▶ [Task goal]: In the listing below, start your output at the line with "5 CHARLES CRESCENT, Gracemere QLD 4702" and end it after the line with "Candelabro Viraiseon móvel, preto", copying every line exactly.

▶ [Data extract]:

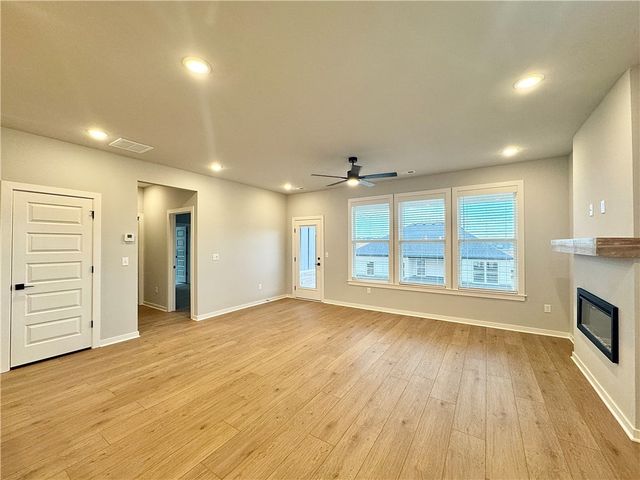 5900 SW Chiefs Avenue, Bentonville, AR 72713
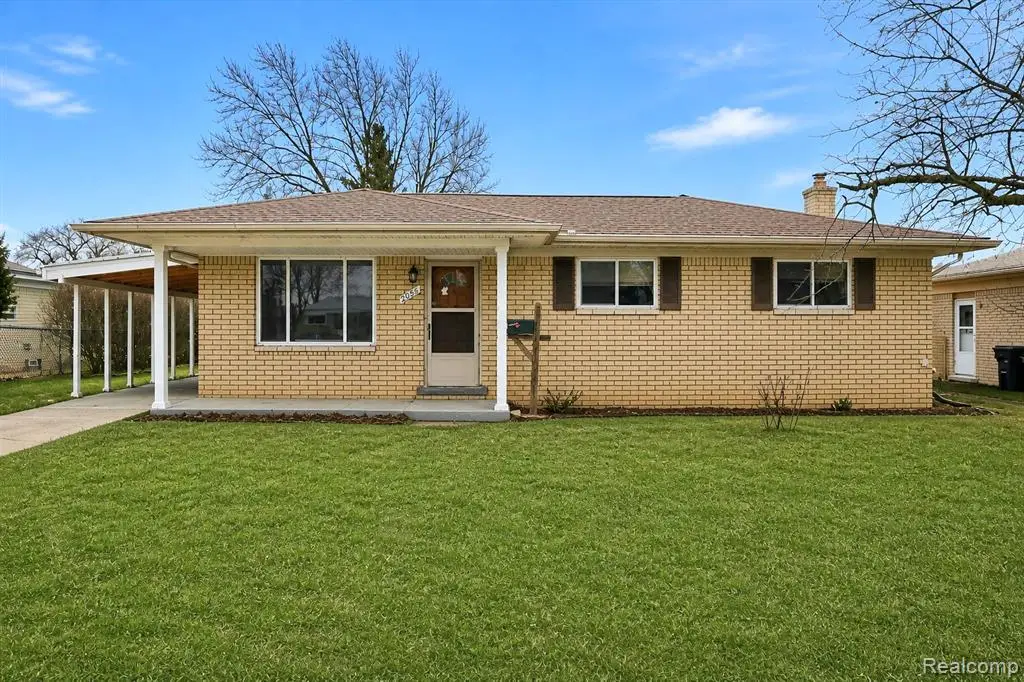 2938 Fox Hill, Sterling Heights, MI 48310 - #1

--

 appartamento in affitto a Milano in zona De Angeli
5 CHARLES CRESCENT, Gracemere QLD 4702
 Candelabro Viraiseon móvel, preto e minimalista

--

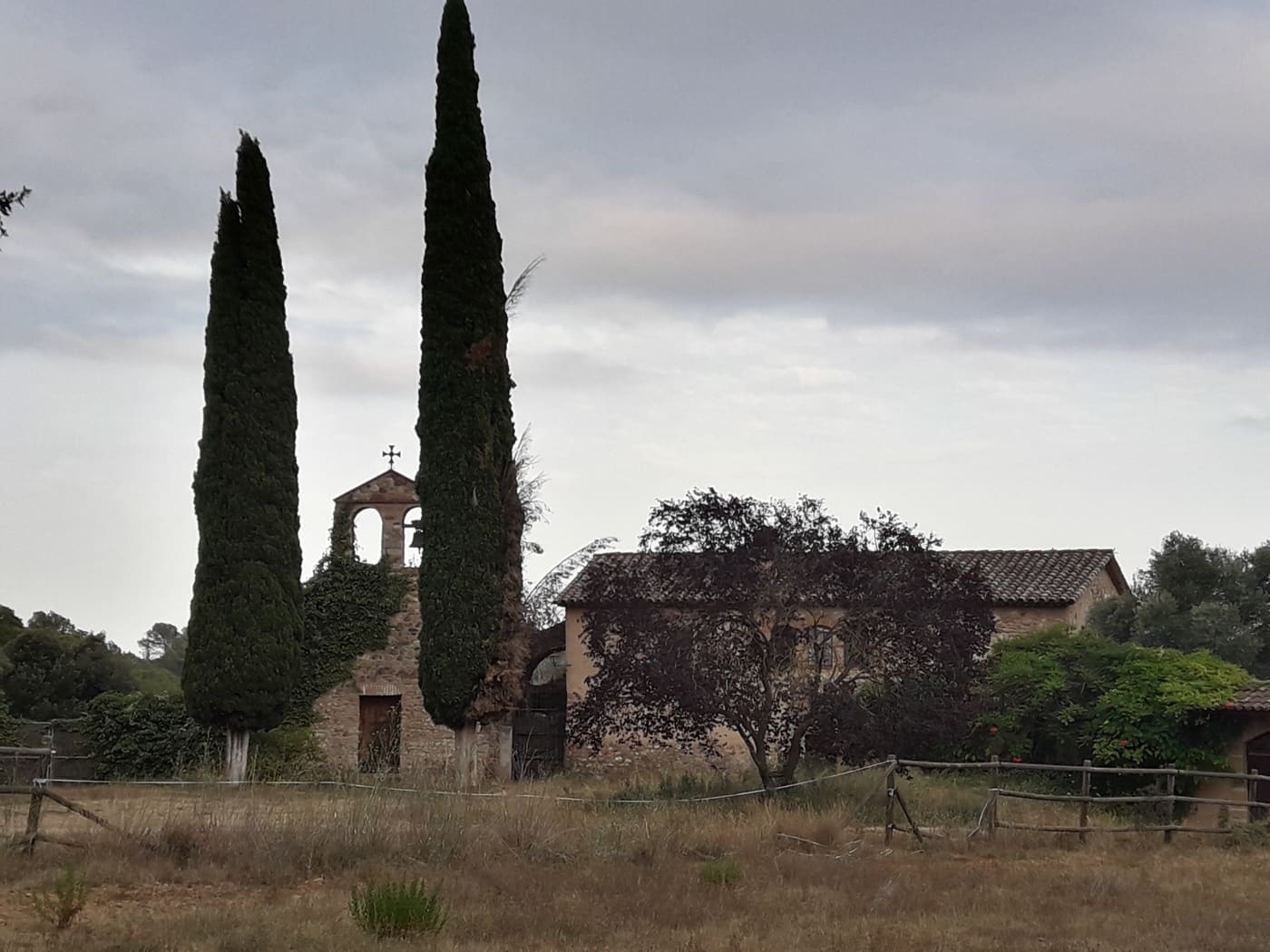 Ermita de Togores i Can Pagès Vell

▶ [Output for this task]:
5 CHARLES CRESCENT, Gracemere QLD 4702
 Candelabro Viraiseon móvel, preto e minimalista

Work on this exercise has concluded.